Brasilia, Brazil, 29 March - 3 April 1999

Self-generated Neighbourhood Consolidation in Santiago: A prototype case study for the social and spatial understanding of large cities

Bill Hillier, Margarita Greene, Jake Desyllas, Claudio Valensuela, Francois Dufaux and Pia Rosso

The Bartlett School of Graduate Studies
(Torrington Place Site)
University College London
Gower Street
London WC1E 6BT
England

tel (44) (0)171 391 1739
fax (44) (0)171 813 4363
email b.hillier@ucl.ac.uk
www http://www.spacesyntax.com

This paper reports EU funded research which began with the suspicion amongst social scientists and architects studying the development over time of 'site and services' settlements in Santiago, Chile, that spatial factors might be implicated in the very different levels to which settlements had developed since their foundation in the early nineteen seventies. From similar origins, some had become well consolidated and seemed to be thriving, while others remained less consolidated and seemed to have greater social problems. The aim of the study was to ascertain how far and in what way spatial factors might have contributed to these differences. The research combined the expertise of the Universidad Catolica de Chile in the investigation of social and physical aspects of settlement performance, with configurational modelling by the Space Syntax Laboratory in UCL. The theoretical background of the study was the notion of the 'movement economy' by which spatial structure generates patterns of movement, which then influence patterns of activity and land uses, with multiplier effects on both, and on the local grid structure.

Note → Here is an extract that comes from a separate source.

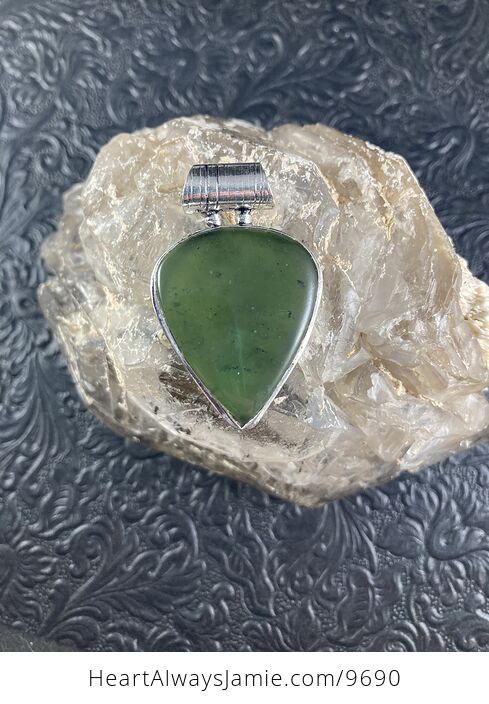 Green Nephrite Jade Crystal Stone Jewelry Pendant - #Ws5M0KwPhGc-1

The principle techniques used were:

  • the construction of indices for settlement consolidation covering housing, communities and neighbourhoods, and the combination of all three, together with the design and implementation of a questionnaire to 553 respondents, and a full survey of 17 settlements;

  • the direct observation of the functioning of the settlements, covering land uses, commercial and social activity, and pedestrian and vehicular movement;

  • the construction of a 'space syntax' computer model of the whole of Santiago, and radius 1.5 km models for the local areas of each settlement;

  • the construction and analysis of a database comprising all aspects; and

  • the use of space syntax and GIS technique to represent structure and function in the settlements graphically, as an aid to statistical analysis and model building.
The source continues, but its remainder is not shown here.